Here the pumas_be function identified that this is a parallel design, this is evident with the output header Paradigm: Parallel design. The statistical model used was a rather simple t-test with an equal variance assumption among groups. In fact with our interpretation of the results it is a two one sided t-test (TOST). More on that in the sequel.

Note also that by default, pumas assume the data is untransformed and thus carries out a log transformation. However, the results are presented in terms of geometric means and the geometric mean ratio of the original quantities. More on that is in the sequel as well.

In our case, the geometric mean of R, set at 7735 was compared with the geometric mean of T (7610), and a 90% confidence interval for the ratio was produced at [81.66%, 118.6%].

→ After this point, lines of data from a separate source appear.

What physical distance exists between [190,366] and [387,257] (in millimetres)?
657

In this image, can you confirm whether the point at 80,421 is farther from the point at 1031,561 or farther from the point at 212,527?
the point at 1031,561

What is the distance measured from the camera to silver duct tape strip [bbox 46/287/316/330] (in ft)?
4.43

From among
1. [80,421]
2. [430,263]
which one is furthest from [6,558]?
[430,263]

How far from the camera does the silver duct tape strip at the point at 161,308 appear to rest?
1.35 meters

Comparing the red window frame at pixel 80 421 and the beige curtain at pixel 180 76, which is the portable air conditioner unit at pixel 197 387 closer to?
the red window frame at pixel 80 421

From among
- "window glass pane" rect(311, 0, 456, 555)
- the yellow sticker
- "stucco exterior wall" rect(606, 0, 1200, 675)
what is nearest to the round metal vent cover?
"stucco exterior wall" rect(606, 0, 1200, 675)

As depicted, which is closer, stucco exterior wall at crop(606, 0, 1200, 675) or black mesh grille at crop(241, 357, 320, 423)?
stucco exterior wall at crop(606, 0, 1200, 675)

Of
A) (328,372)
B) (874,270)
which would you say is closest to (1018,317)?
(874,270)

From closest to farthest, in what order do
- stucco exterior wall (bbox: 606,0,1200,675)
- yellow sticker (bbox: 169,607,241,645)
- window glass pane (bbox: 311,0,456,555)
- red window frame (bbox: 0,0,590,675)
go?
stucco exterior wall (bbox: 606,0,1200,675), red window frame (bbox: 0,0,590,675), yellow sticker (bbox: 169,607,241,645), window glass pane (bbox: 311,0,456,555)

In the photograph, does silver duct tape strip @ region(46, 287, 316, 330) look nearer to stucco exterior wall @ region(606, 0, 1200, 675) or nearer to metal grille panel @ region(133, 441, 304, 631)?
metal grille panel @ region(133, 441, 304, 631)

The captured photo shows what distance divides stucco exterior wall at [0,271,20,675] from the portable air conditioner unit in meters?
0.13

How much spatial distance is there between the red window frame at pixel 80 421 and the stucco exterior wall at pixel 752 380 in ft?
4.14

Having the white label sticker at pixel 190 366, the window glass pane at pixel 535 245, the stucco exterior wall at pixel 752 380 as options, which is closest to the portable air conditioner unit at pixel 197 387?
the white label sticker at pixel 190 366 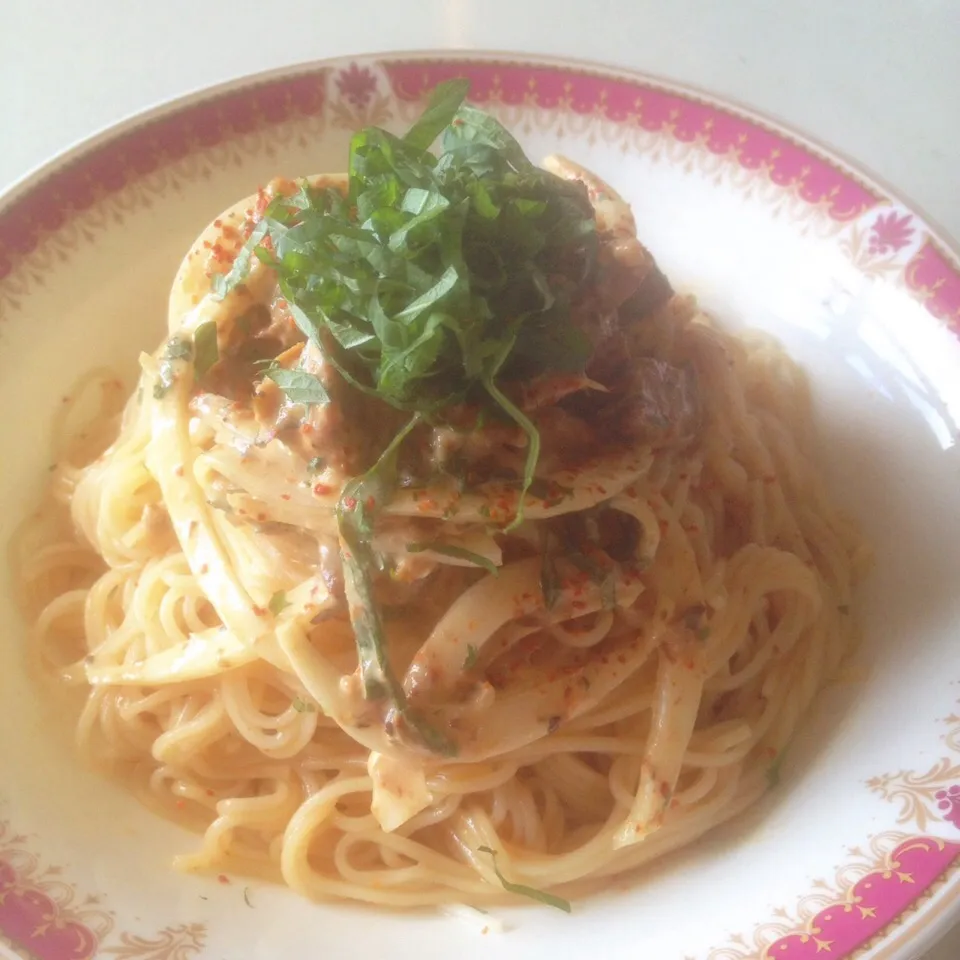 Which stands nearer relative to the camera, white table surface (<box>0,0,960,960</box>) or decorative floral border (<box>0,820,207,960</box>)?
decorative floral border (<box>0,820,207,960</box>)


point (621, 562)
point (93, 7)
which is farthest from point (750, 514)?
point (93, 7)

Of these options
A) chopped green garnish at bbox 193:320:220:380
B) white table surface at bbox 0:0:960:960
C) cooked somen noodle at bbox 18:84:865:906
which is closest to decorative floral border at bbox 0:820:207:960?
cooked somen noodle at bbox 18:84:865:906

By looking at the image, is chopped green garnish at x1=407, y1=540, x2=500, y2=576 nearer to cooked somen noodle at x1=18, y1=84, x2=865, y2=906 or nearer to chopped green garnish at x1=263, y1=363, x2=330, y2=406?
cooked somen noodle at x1=18, y1=84, x2=865, y2=906

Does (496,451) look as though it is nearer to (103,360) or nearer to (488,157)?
(488,157)

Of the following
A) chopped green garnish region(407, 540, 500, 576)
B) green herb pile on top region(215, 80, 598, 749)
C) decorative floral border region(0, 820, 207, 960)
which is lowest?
decorative floral border region(0, 820, 207, 960)

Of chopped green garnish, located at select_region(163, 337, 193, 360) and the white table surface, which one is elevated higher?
the white table surface

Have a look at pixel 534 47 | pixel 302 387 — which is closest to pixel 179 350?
pixel 302 387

The key bioequivalence conclusion is then to see if the interval is contained within [80%, 125%]. In case it is, then we have a Pass and this implies that, at least from the point of view of this endpoint, we can conclude that the two formulations are bioequivalent. This would then be the key result as part of our submission to a regulatory agency. All these details and many more are discussed in the follow up units.

5 A non passing case

In the case above, anlaysing cmax it appears that we pass the bioequivalence trial and we can then apply with the regulatory body to approve the generic drug. Yet to understand the fragility of bioequivalence trials, assume that we were required to use the AUC endpoint instead. In fact, the most common endpoint to use is AUC.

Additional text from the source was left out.